* _TASK DETAILS_
From the first line to the last, copy the listing exactly and omit the pictures.

* _ENTRIES PROVIDED_
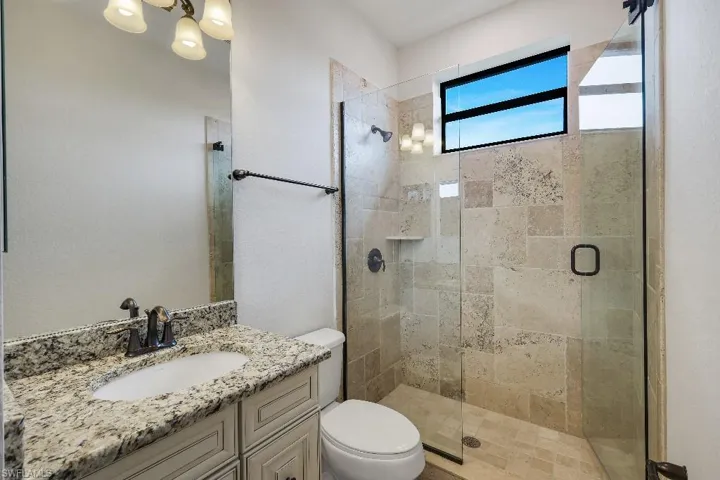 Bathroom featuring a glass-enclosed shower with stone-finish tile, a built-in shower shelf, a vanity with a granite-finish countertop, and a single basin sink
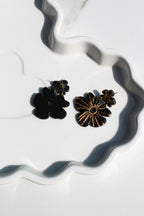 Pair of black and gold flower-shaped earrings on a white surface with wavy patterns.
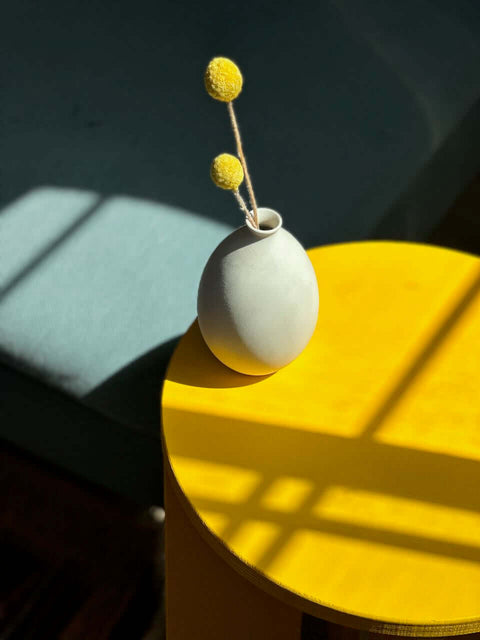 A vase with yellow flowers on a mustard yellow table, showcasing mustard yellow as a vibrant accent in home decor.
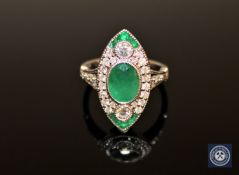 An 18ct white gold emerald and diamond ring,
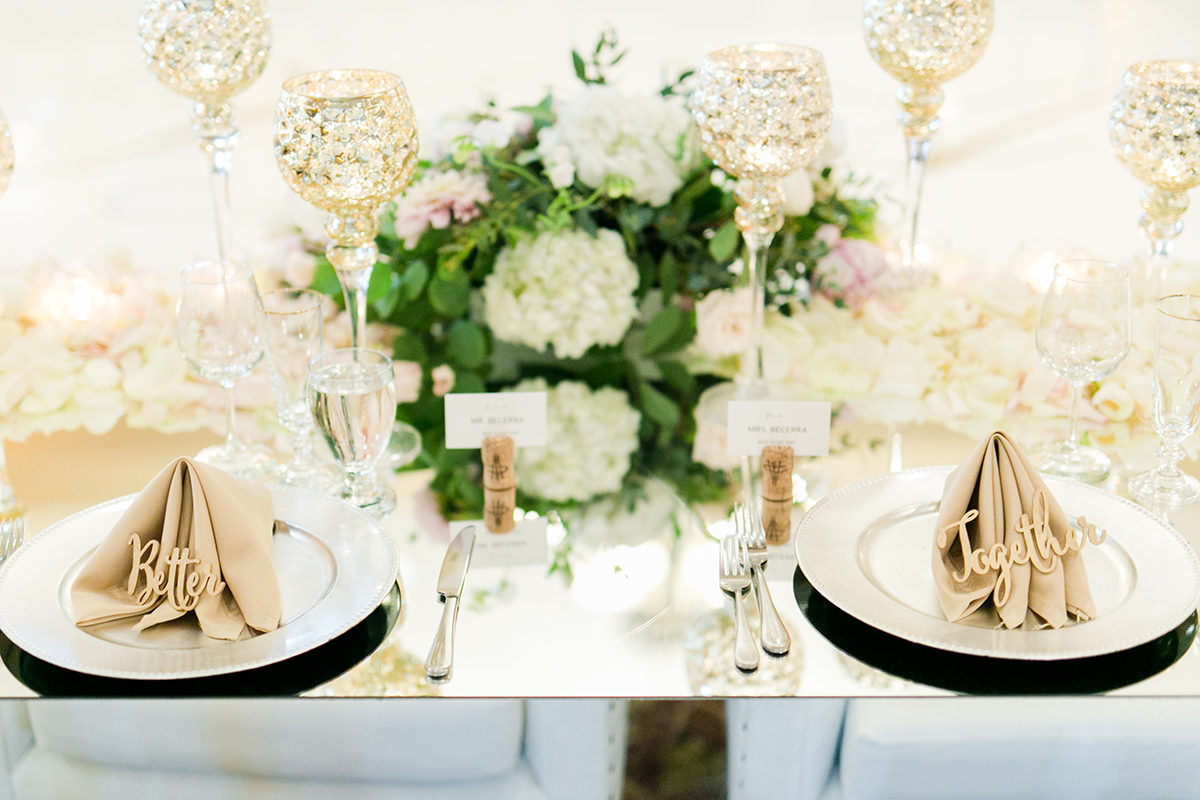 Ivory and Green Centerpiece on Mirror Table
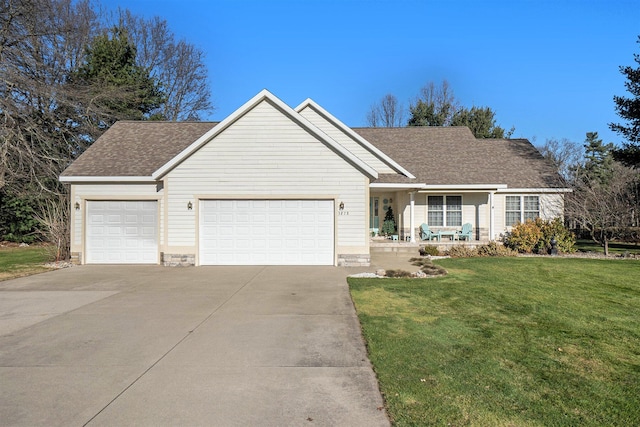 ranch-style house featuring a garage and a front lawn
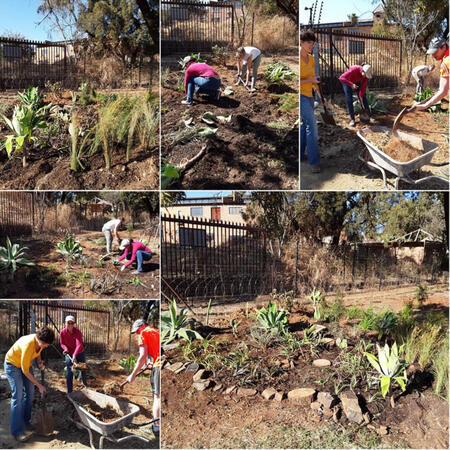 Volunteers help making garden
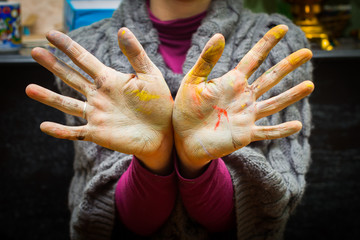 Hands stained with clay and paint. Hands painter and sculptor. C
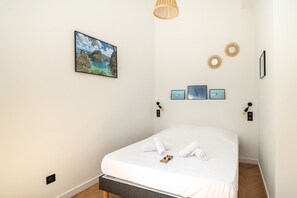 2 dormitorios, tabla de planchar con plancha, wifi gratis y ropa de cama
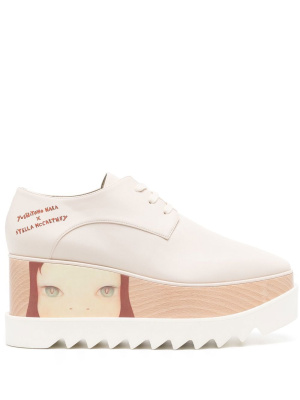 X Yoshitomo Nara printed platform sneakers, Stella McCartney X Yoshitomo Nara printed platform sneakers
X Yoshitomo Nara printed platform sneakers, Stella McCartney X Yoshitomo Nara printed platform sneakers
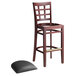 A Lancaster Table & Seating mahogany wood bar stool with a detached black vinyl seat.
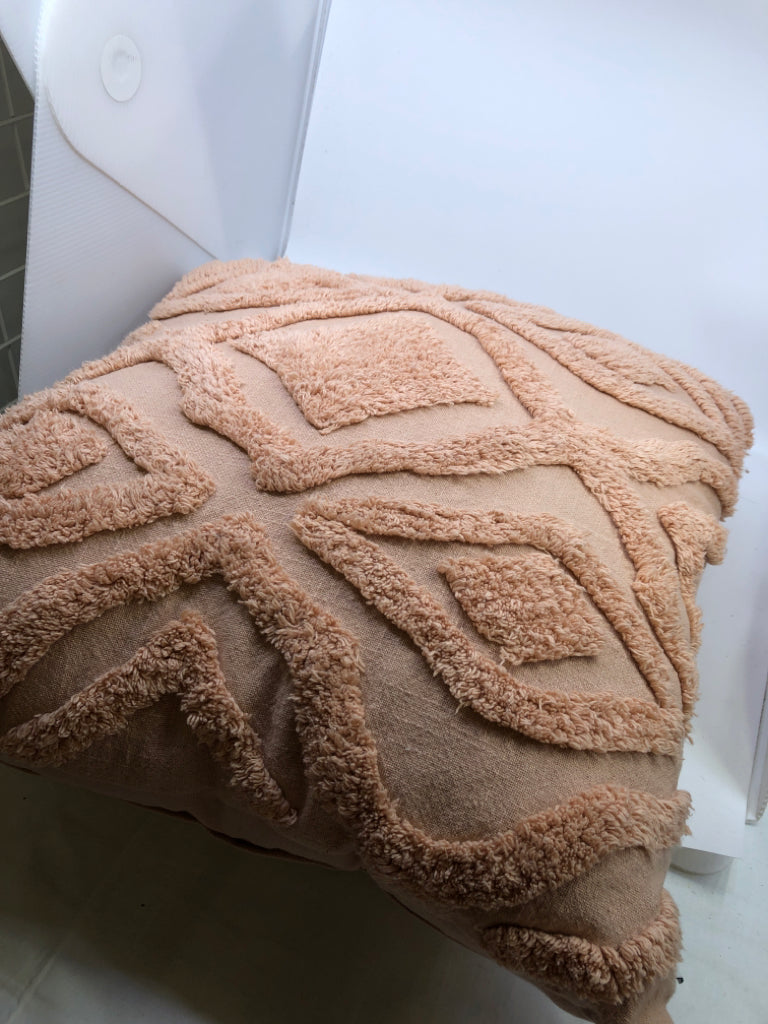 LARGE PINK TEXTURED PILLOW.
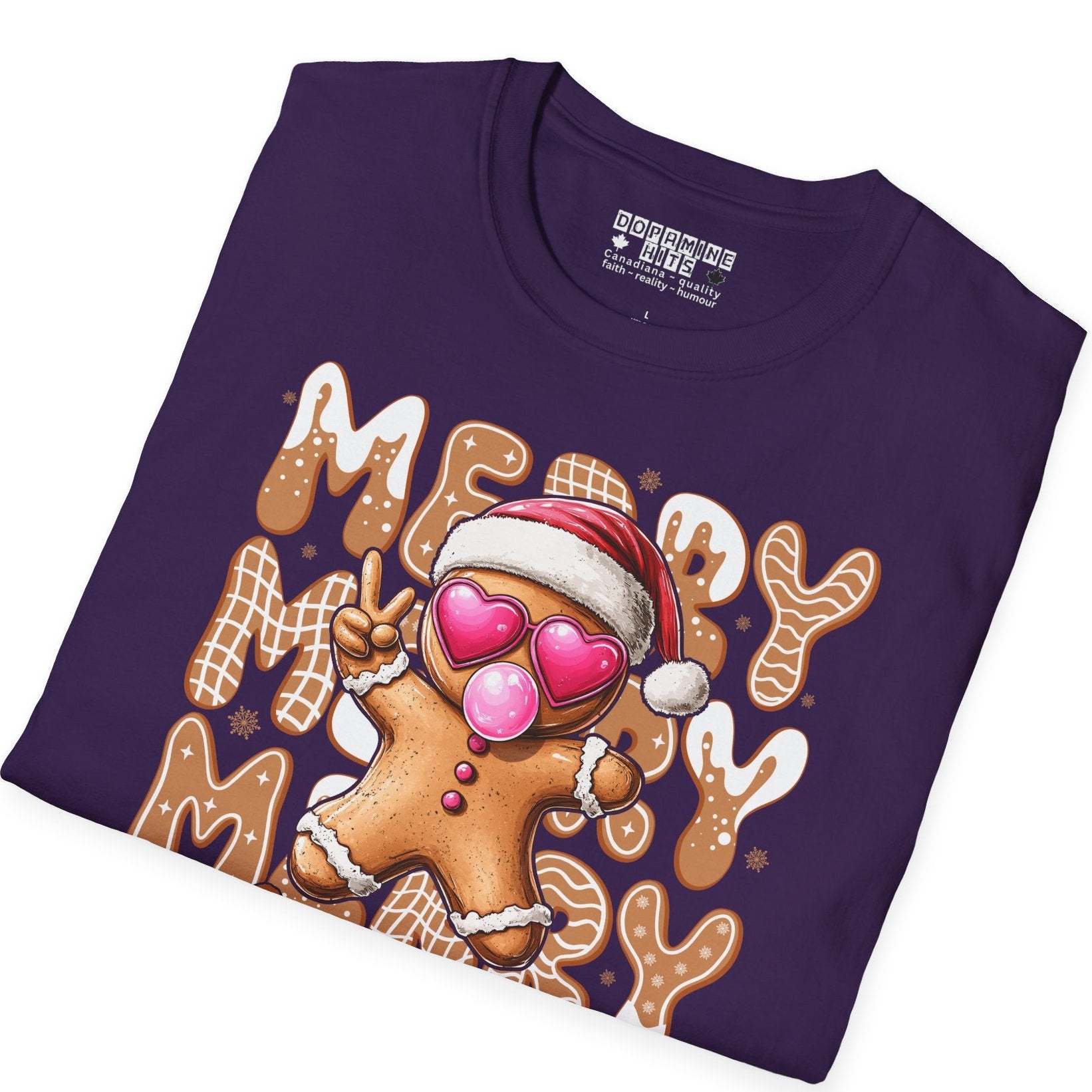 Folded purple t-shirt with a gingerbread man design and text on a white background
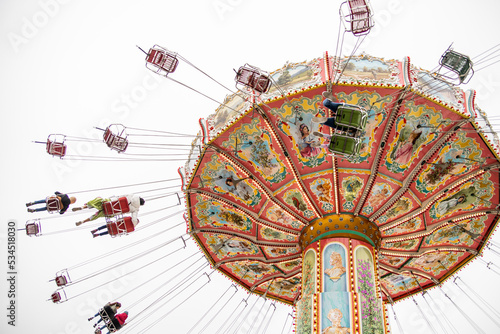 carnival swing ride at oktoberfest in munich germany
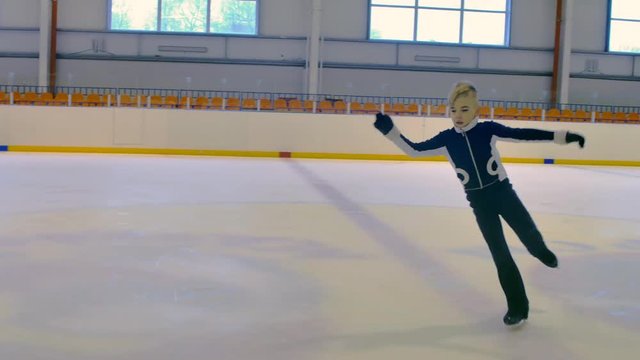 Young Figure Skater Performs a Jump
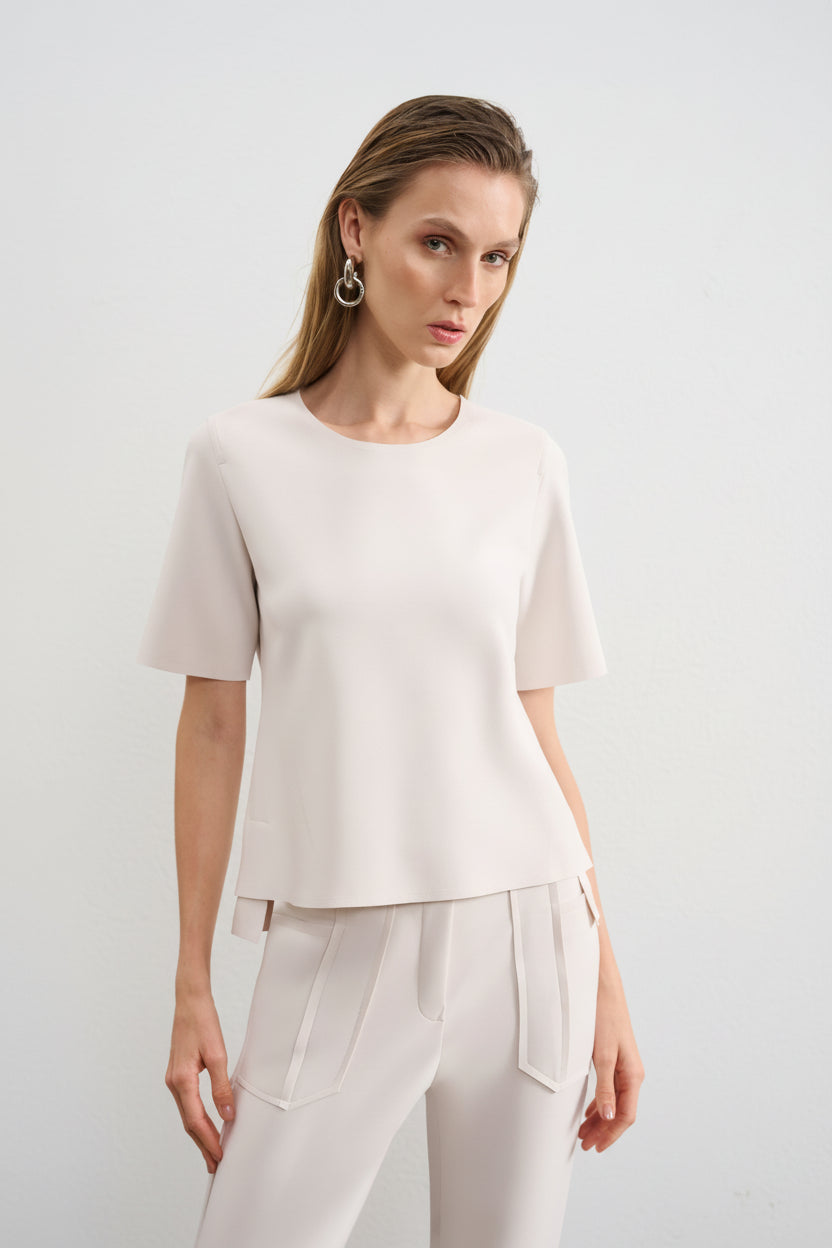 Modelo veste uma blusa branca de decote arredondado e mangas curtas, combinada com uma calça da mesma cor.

* _EXERCISE SOLUTION_
 Bathroom featuring a glass-enclosed shower with stone-finish tile, a built-in shower shelf, a vanity with a granite-finish countertop, and a single basin sink
 Pair of black and gold flower-shaped earrings on a white surface with wavy patterns.
 A vase with yellow flowers on a mustard yellow table, showcasing mustard yellow as a vibrant accent in home decor.
 An 18ct white gold emerald and diamond ring,
 Ivory and Green Centerpiece on Mirror Table
 ranch-style house featuring a garage and a front lawn
 Volunteers help making garden
 Hands stained with clay and paint. Hands painter and sculptor. C
 2 dormitorios, tabla de planchar con plancha, wifi gratis y ropa de cama
 X Yoshitomo Nara printed platform sneakers, Stella McCartney X Yoshitomo Nara printed platform sneakers
X Yoshitomo Nara printed platform sneakers, Stella McCartney X Yoshitomo Nara printed platform sneakers
 A Lancaster Table & Seating mahogany wood bar stool with a detached black vinyl seat.
 LARGE PINK TEXTURED PILLOW.
 Folded purple t-shirt with a gingerbread man design and text on a white background
 carnival swing ride at oktoberfest in munich germany
 Young Figure Skater Performs a Jump
 Modelo veste uma blusa branca de decote arredondado e mangas curtas, combinada com uma calça da mesma cor.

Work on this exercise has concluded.